Although video can be used alone in some cases, it is usually more effective when combined with other media. Audio is the obvious complement to video, but other types of media are often useful. When people interact, they often want to show each other things and write things down so they can be saved for later use. It is useful to enable them to share graphics, text, and applications. In Forum, we provided a "poll mechanism" to enable the relatively common technique of surveying the audience. Even if video of the audience had been provided, it would have been too unruly to manage this process. The lesson is that one should consider providing mechanisms to support visual behavior that cannot be accomplished comfortably through video.

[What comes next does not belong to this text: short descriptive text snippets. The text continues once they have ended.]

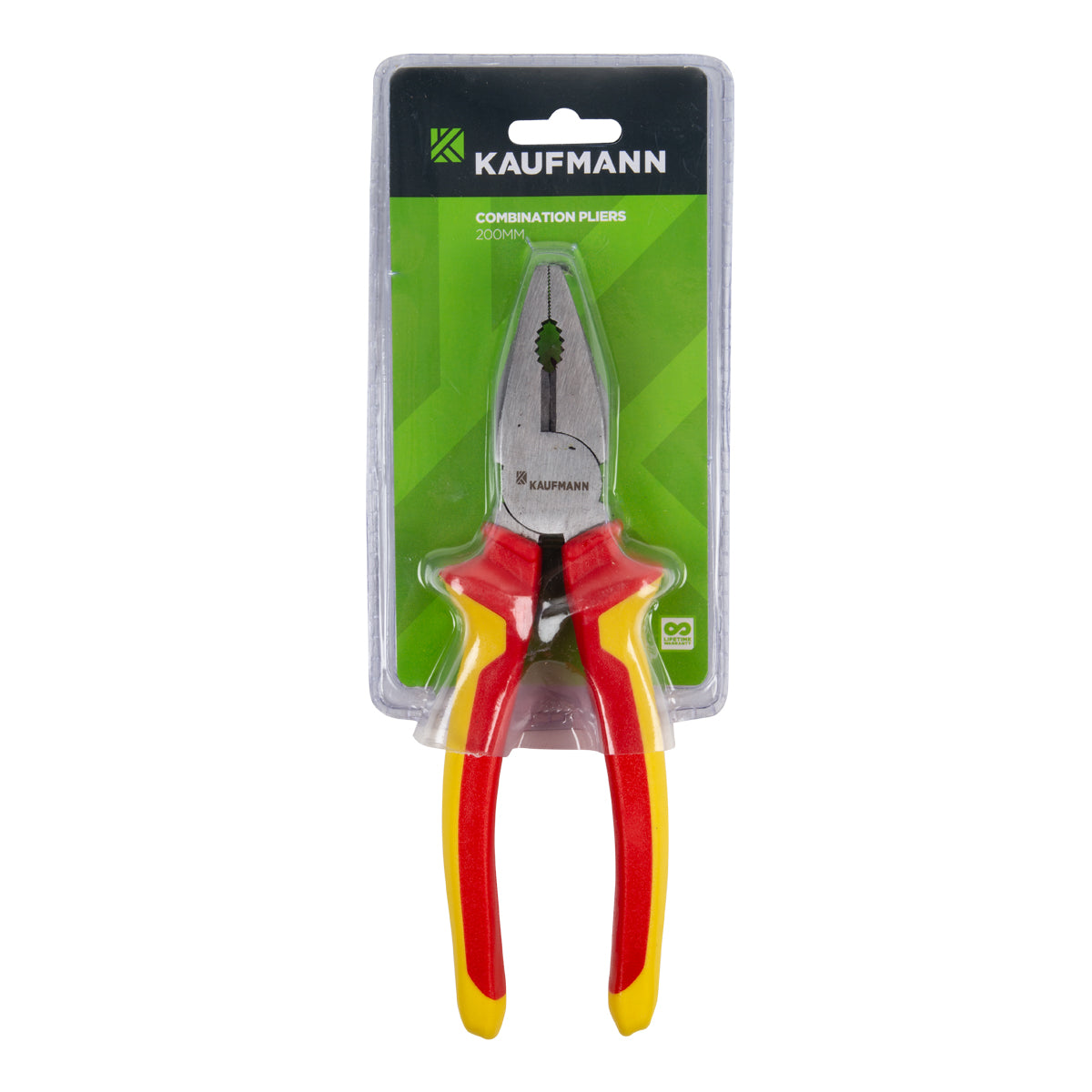 Kaufmann X Vde Pliers Combination 200 Mm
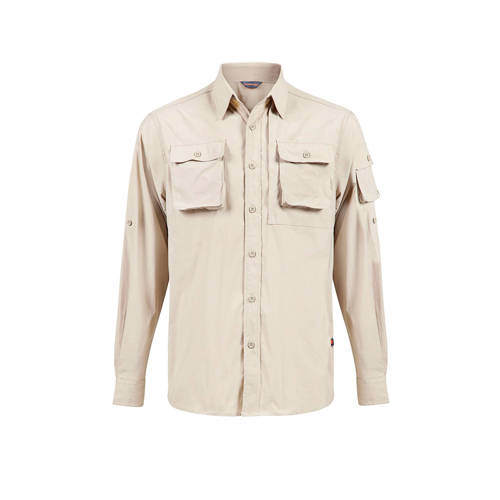 Lifeline Life Line Outdoor Overhemd Jowan Beige lifeline kopen in de aanbieding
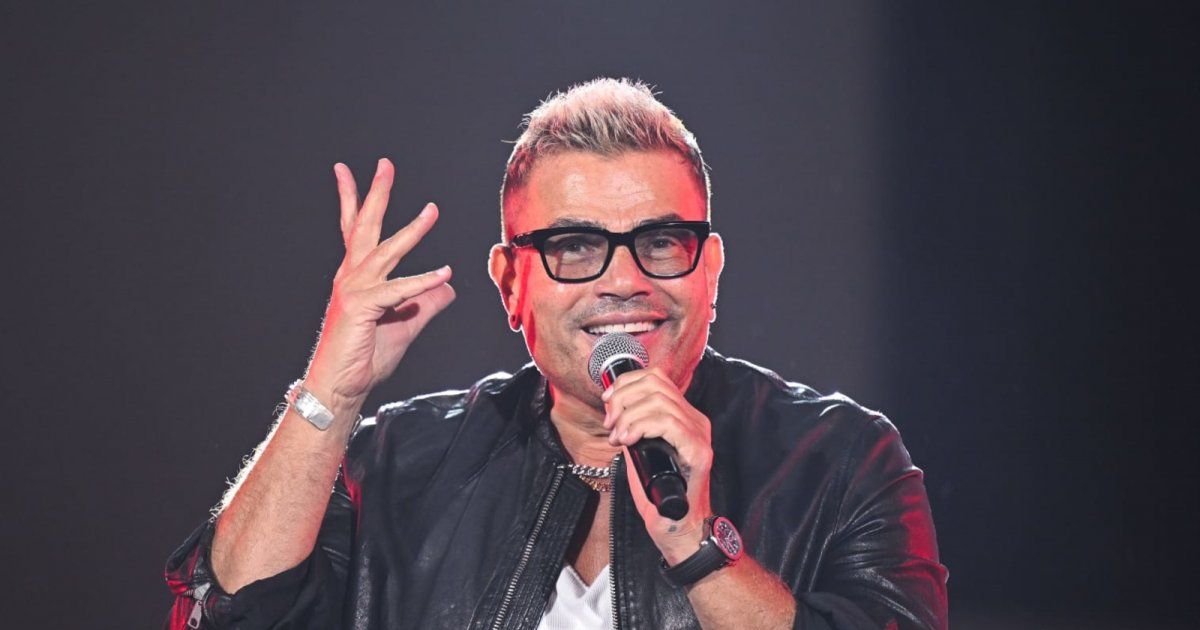 شاهد .. طرقات مقفلة في بيروت بسبب عمرو دياب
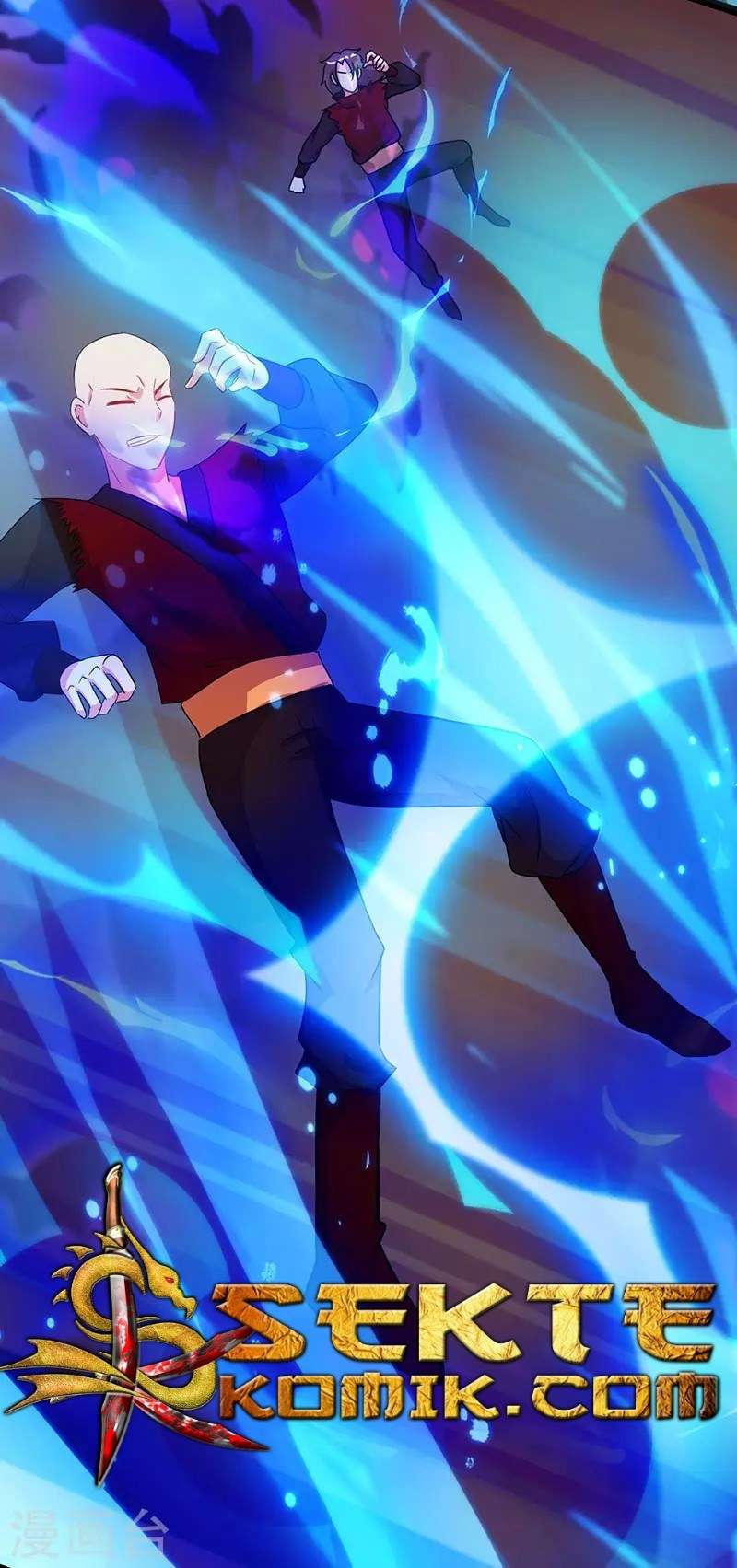 Dushi Xiaoyao Chapter 79 - halaman 9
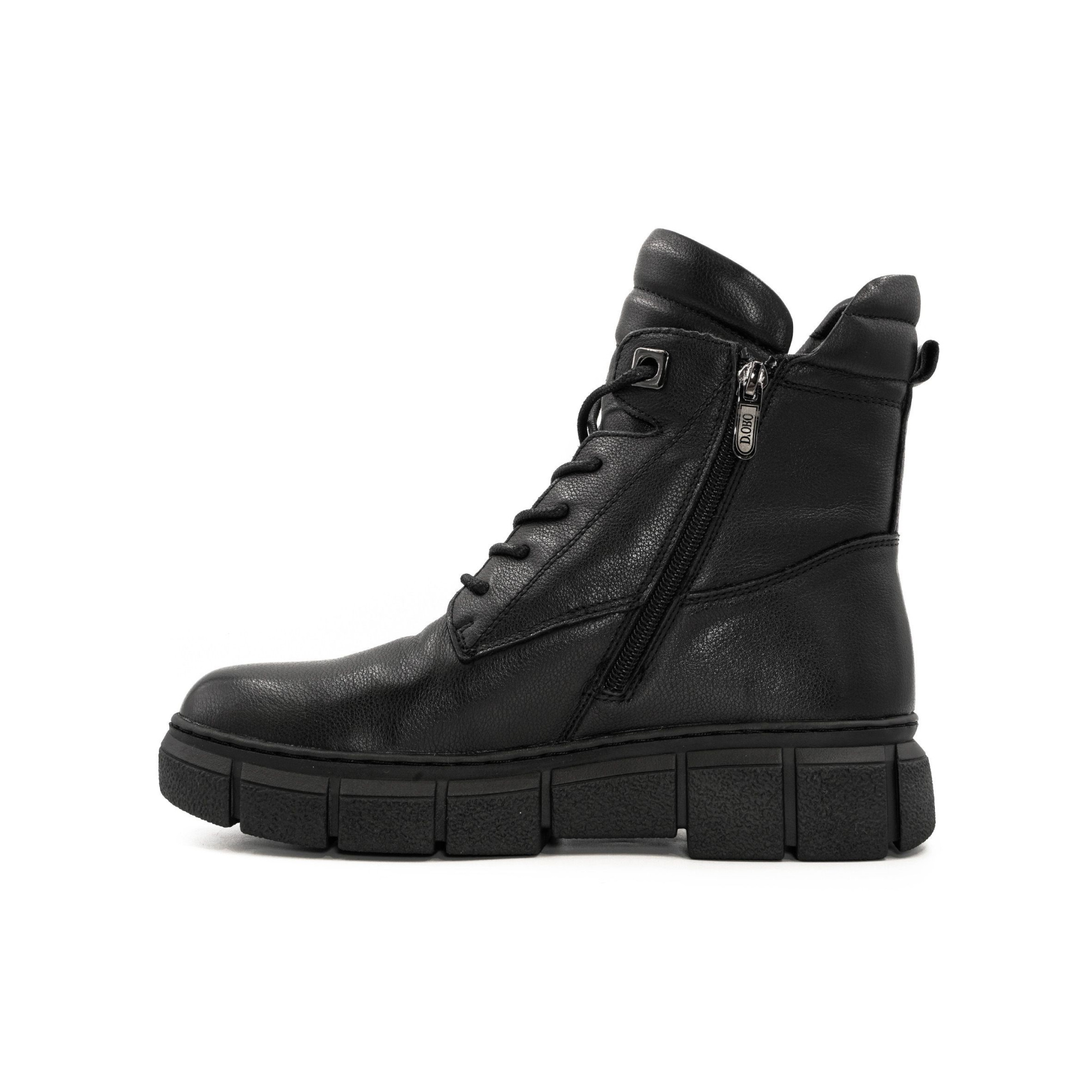 Ботинки комфорт на шнуровке D`ORO   натуральная кожа Зима BR-00004393 купить  в Красноярске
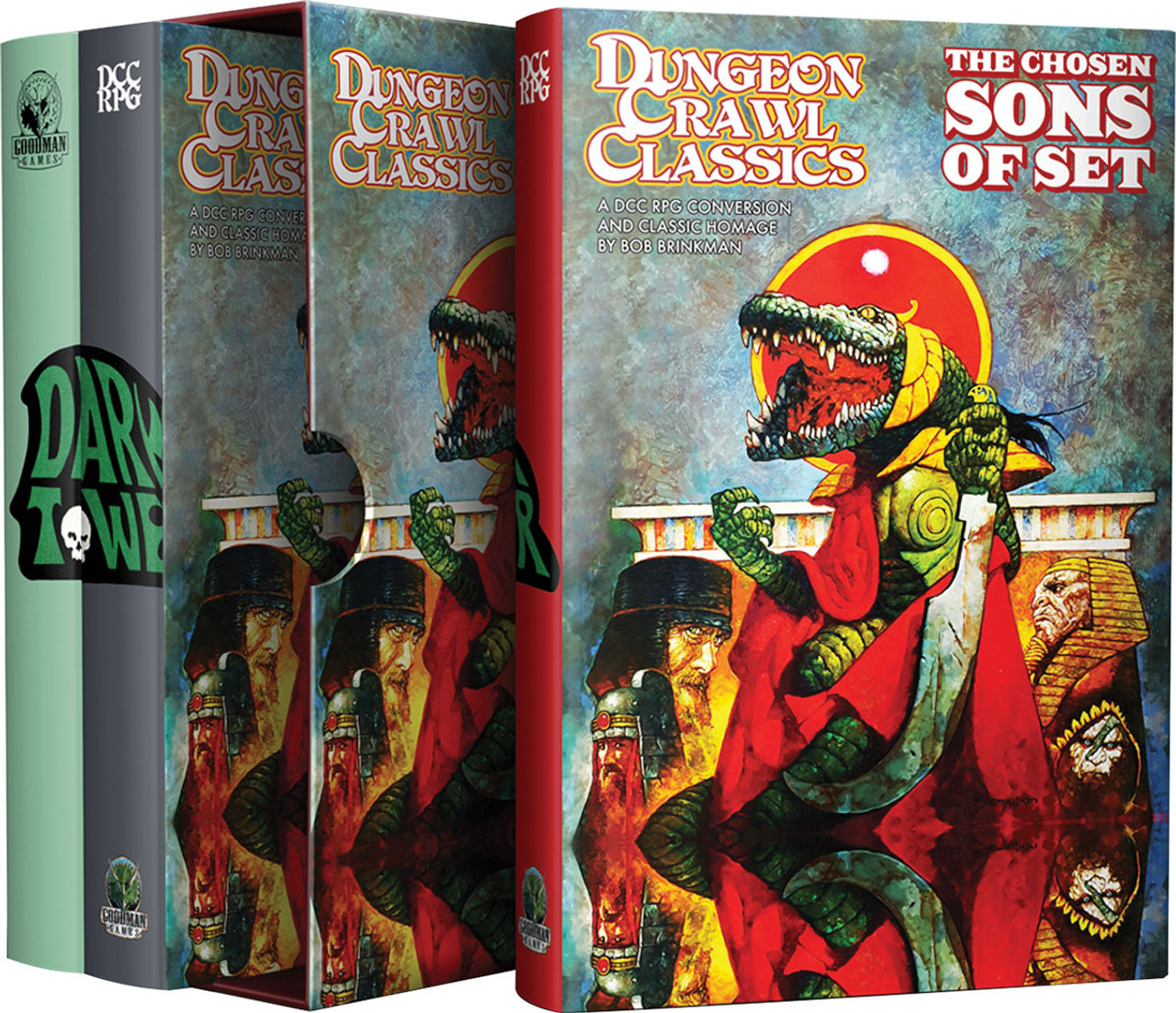Dungeon Crawl Classics RPG: Dark Tower (3-Volume Slip Cased Set)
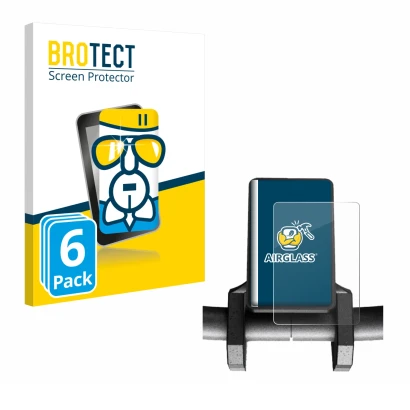 Parte frontale di una confezione del prodotto con il logo del marchio BROTECT. Accanto è raffigurato il dispositivo Joyor S10-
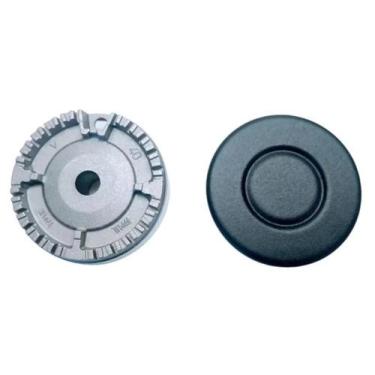 Imagem de Difusor E Espalha Chama Fosco 75mm Fogão Fischer Infinity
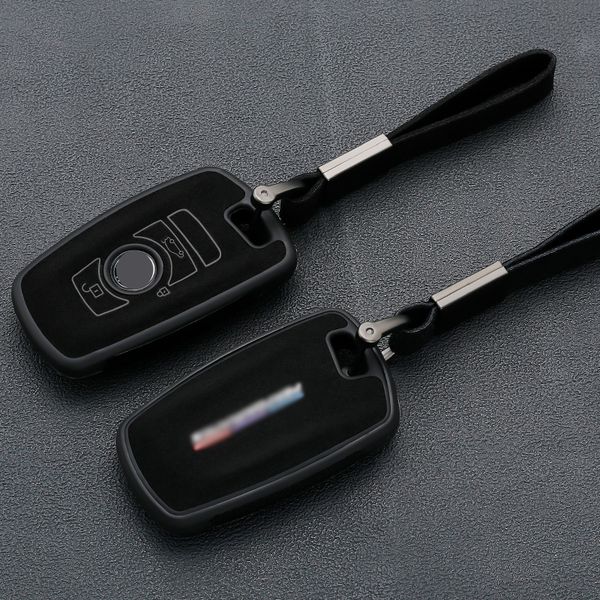 

car styling key rings protection cover stickers for bmw f10 f30 x3 x4 f25 f26 protect shell cover case interior auto accessories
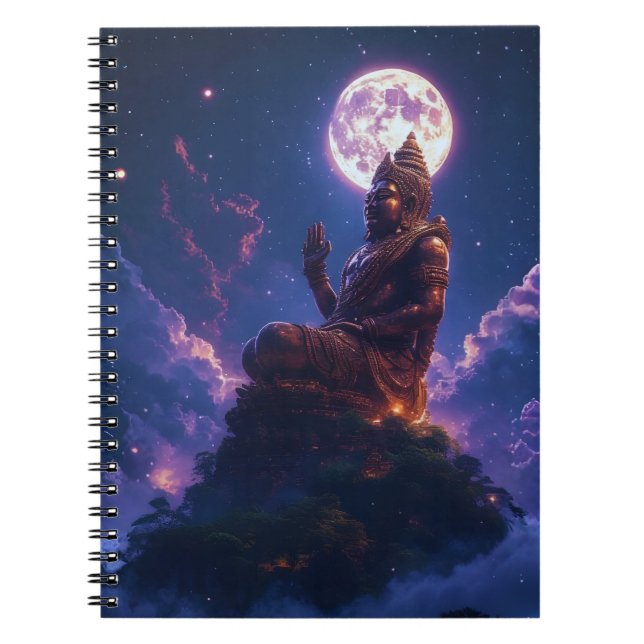 Pancer Jagat (Centre of the Universe/World) Notebook (Front)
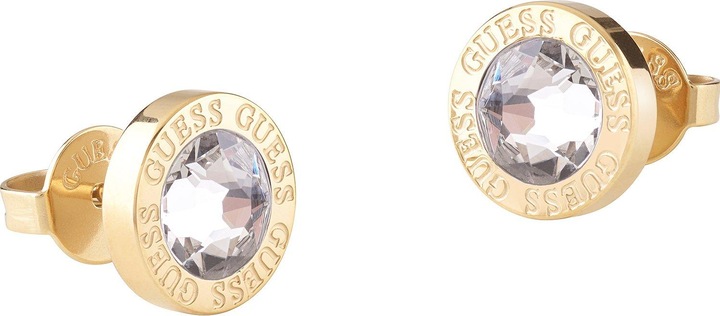 Produktbild Guess Modern gold-plated stud earrings Color My Day JUBE02244JWYGT/U (Edelstahl)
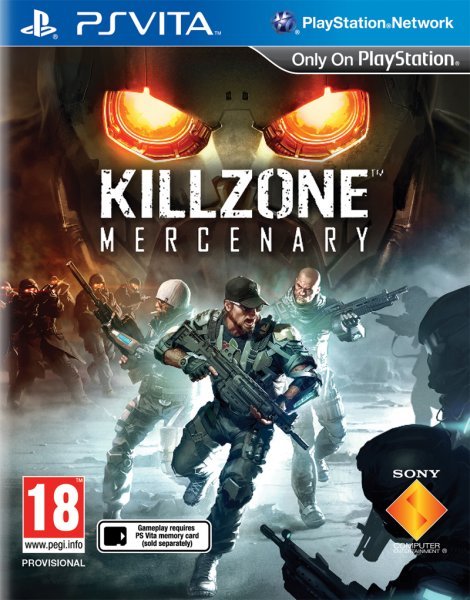 Caratula de Killzone: Mercenary para PS Vita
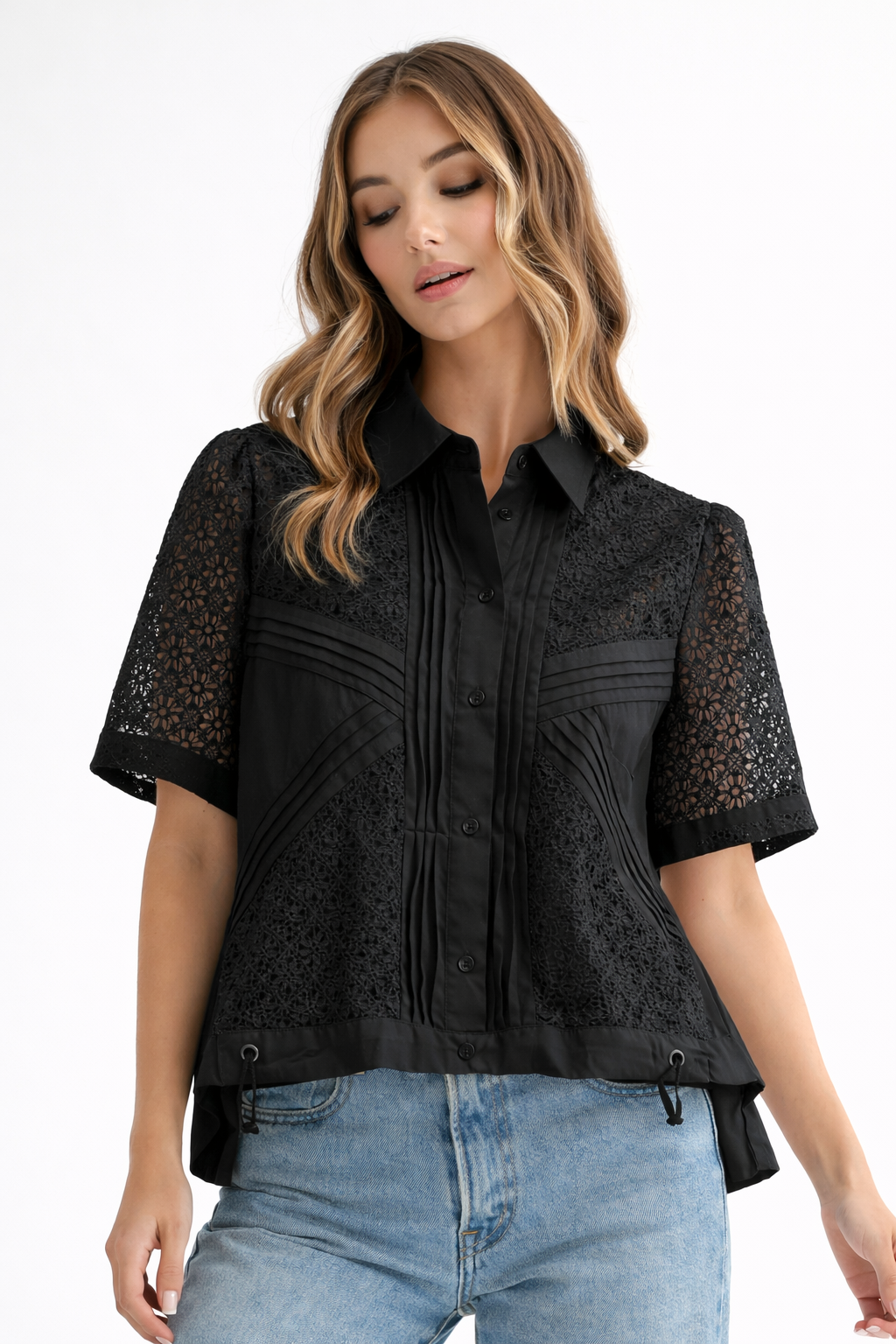 Cora Top- Black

Very short connection times are critical for supporting lightweight interactions

To effectively support lightweight interaction, audio and video connections among computers must be established very quickly. When using the phone, people often expect to make contact within three rings (about 10 seconds). Our experience with the DVC prototype indicated that longer delays caused users to resort to the phone for short interactions. Even with Montage, it took an average of 11 seconds for a glance to appear after it was initiated. This delay sometimes detracted from the goal of supporting lightweight interactions. While responsive performance is always an issue with applications, it is especially important with desktop conferencing. If connections take longer (or even feel like they take longer) than a few seconds, users will use another mechanism or use video conferencing for more formal, extended interactions.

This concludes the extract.